購入した〝ブレード【パイルバンカー】〟は新しいアームが追加され体の横から伸びるようになっていて〝スラスター〟は背中と横と前の四方と各脚に取り付けられていた。
『はい、いつでも戦闘可能です』
「それじゃぁ早速行ってみようか………ってどうやって出したらいいんだ?」
【格納庫】の扉はどうみても機体よりも小さい、どうやって外で取り出せばいいんだ?
『外へと出てから【格納庫】を使い私を呼んでくだされば私が操作して外へと出します、そのさい渦の大きさは自動で変更されるので大丈夫です』
「そうなのか、んじゃ取り合えずやってみるか」
まずは【格納庫】から外へと出て出入口の渦を一度消す、外は【アルミーシュ】のダンジョン内でビルの中なのでここでは呼び出せないから広い道へと出る。
「ここでいいか」
瓦礫が少なく呼び出せそうな場所まで移動してから【格納庫】の渦を呼び出す。
「ヘレナ、機体を外に出してくれ」
『了解』
「おぉ!映画のワンシーンみたいだ」
ヘレナに声をかけると【格納庫】への入り口となる渦が大きくなりそこからゆっくりと作った機体が出てくる。何て言うか映画のラストシーンとかピンチな場面で登場する英雄みたいに見える。
「それじゃぁ敵の所へ行ってみようか」
『はい、背中に乗ってください』
ヘレナはそう言うと機体の姿勢を下げてくれたので背中へと乗り込む。
「外で乗るとまた違った感じがして面白いな」
【格納庫】内で乗った時も楽しかったが外で乗ると解放感があって別の楽しさがある。
「それじゃぁ取り合えず敵が【気配感知】にうつるまで移動してみようか」
『はい』
俺を乗せた機体が静かに動き出す。
「おぉ、全く揺れないな」
『当然です、私が操作するんですから』
機体の背中の上で余裕で立っていられるほど揺れが少なくて快適だ、一応手すりもあるが必要なさそうだ。
「あ、早速いた」
走り出して2分ほど、びっくりするぐらい近くに敵がいた。しかも【リスィクリスタル】を出した機体がいるあの数が多い所だ。

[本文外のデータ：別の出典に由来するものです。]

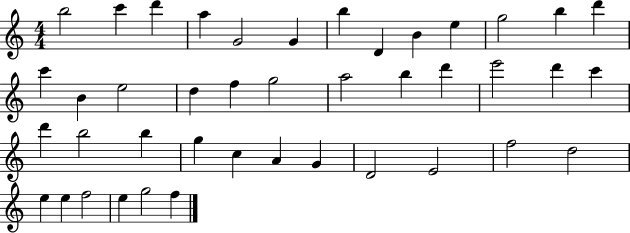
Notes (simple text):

『こちらでも敵を確認しました、作戦はどうしますか?』
「うーん、あの中にヘレナが突っ込んでいったとして倒されることはない?」
『無いですね、余裕です』
「余裕なのか………っていうかその自信はどこから出てくるんだ」
『任せて下さい』
なぜか顔も見たことないヘレナの顔がどや顔しているのが脳裏にちらついた。それぐらい自信満々な言い方だった。
『敵へと突撃するので一度降りてもらえますか?』
「はいよ」
話している間に結構近づいたので言われた通り機体の背中から降りる。
『それでは行ってきます』
「行ってらっしゃい」
そう言うやいなやヘレナはスラスターのブーストを使い敵へと突っ込んでいった。
敵の数は子機が15体、リーダー格が5体、ヘレナが操る機体と同じぐらいの大きさのが1体のグループだ。
「やべぇなんだありゃ、そういう使い方するのか」
ヘレナは防御手段であるはずの盾を体の下から取り出したかと思うとそれを構え敵陣へと突撃していった。
子機がバラバラに破壊されて吹き飛んでいき、リーダー格の銃による攻撃もむなしく子機と同じ様に盾を構えた突撃にバラバラになり吹き飛んでいき、そのままのスラスターの勢いで大きいやつに接近したかと思ったら〝ブレード【パイルバンカー】〟を取り出し打ち込んで倒しきってしまった。
パイルバンカーを受けた敵は上半身と下半身が引きちぎれバラバラになってしまった。
『どうでしたか?』
「んーやりすぎ」
イヤホンから聞こえる声へと返答する、どう考えてもやり過ぎである。